= Xuthus =

Noble in Ancient Greek Mythology

In Greek mythology, Xuthus (/ˈz(j)uːθəs/; Ξοῦθος) was a Phthian prince who later became a king of Peloponnesus. He was the founder (through his sons) of the Achaean and Ionian nations.

== Family ==
Xuthus was a son of King Hellen of Thessaly and the nymph Orseis; and brother of Dorus, Aeolus, Xenopatra and probably Neonus. He had two sons, Ion and Achaeus, and a daughter named Diomede by Creusa, the Athenian daughter of King Erechtheus. Euripides's play, Ion, provided an unusual alternate version, according to which Xuthus was the son of Aeolus and Ion was in fact been begotten on Xuthus's wife Creusa by Apollo. Variations of Xuthus' paternity regarding Ion are that he is the true father, that he has been tricked by Apollo and Creusa, or that he has deluded himself into believing he is the father, but the most common version is that that he adopted Ion at the command of the Oracle of Delphi. Xuthus will later father Dorus and Achaeus with Creusa, though Dorus is normally presented as Xuthus's brother.

== Mythology ==
According to the Hesiodic Catalogue of Women on the origin of the Greeks, Hellen's three sons Dorus, Xuthus (with his sons Ion and Achaeus) and Aeolus, comprised the set of progenitors of the major ancient tribes that formed the Greek nation.
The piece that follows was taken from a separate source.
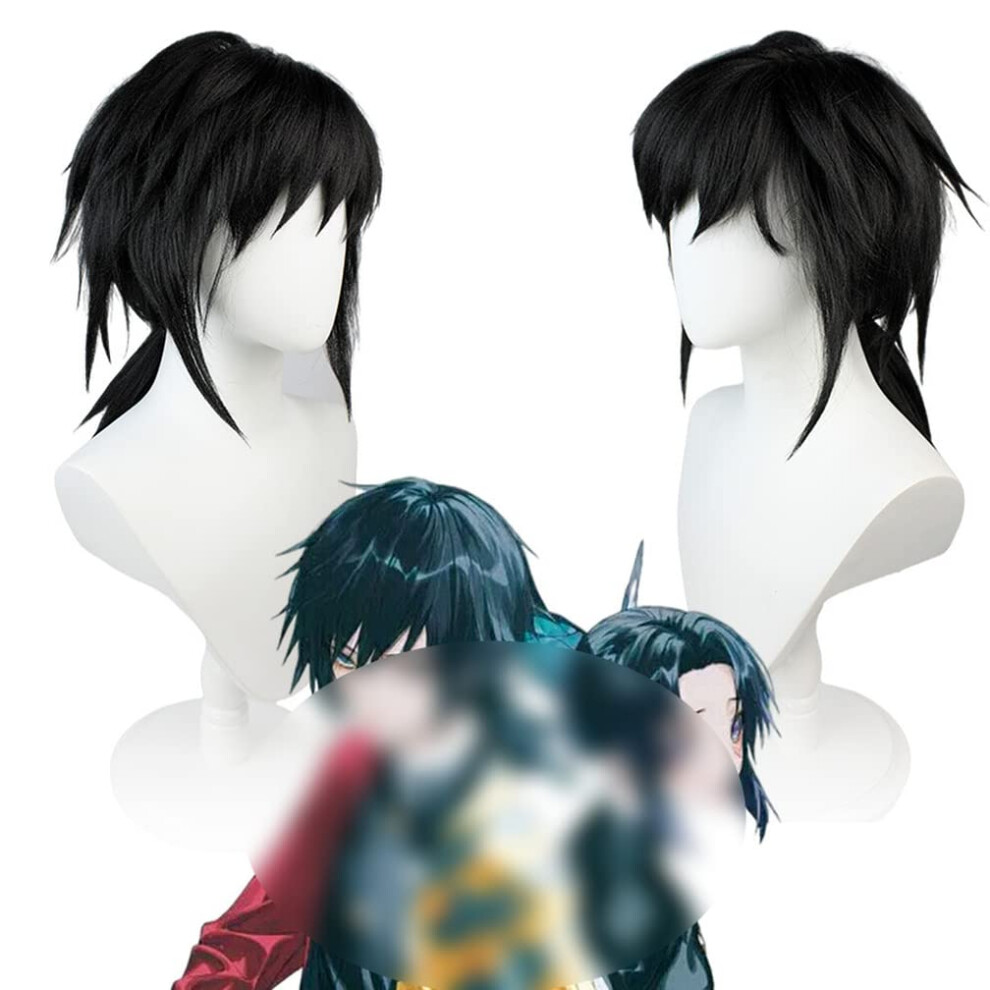 Anime Cosplay Wig Long Yellow Tomioka Giyuu Style Heat Resistant Synthetic Hair for Halloween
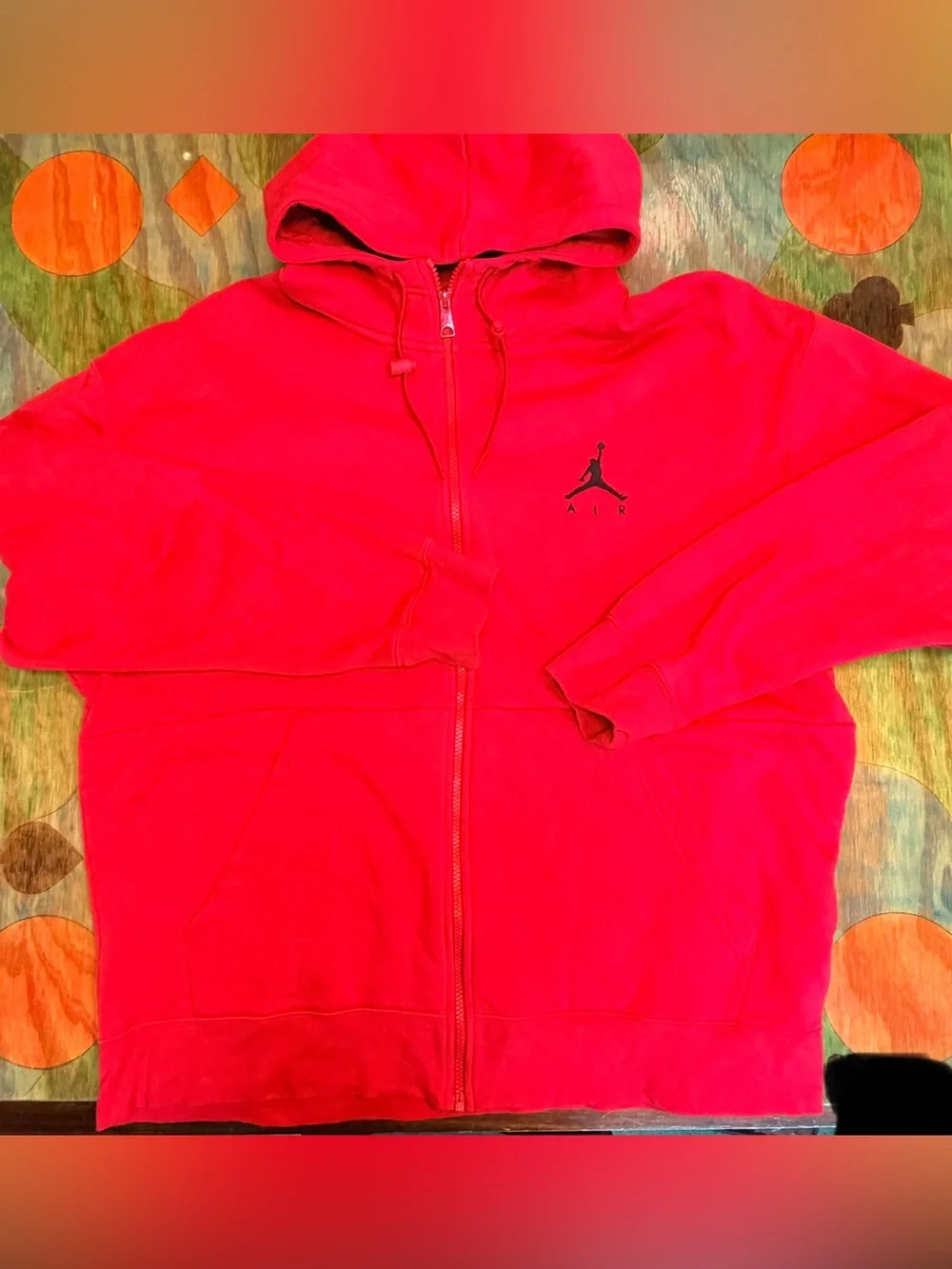 Nike Jordan Hoodie Mens XXL Red Full Zip Fleece Jacket Jumpman Logo Heavyweight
In the play Ion, Xuthus and Creusa visited the Oracle at Delphi to ask the god if they could hope for a child, at which point they are told they already have a child, Ion, who was father by Apollo and mothered by Creusa, though Creusa had forgotten her son due to the trauma of being raped by Apollo. The Oracle at Delphi tells the couple that Ion is Xuthus' son and that Creusa's family should adopt him as Athenian. This makes Creusa so angry she tries to murder her stepson, but she fails. It is at this point the Creusa finds the crib that young Ion slept in and realizes she is his mother. Despite Ion being adopted, Xuthus is proud to be a father and introduces Ion as his legitimate son to Athens.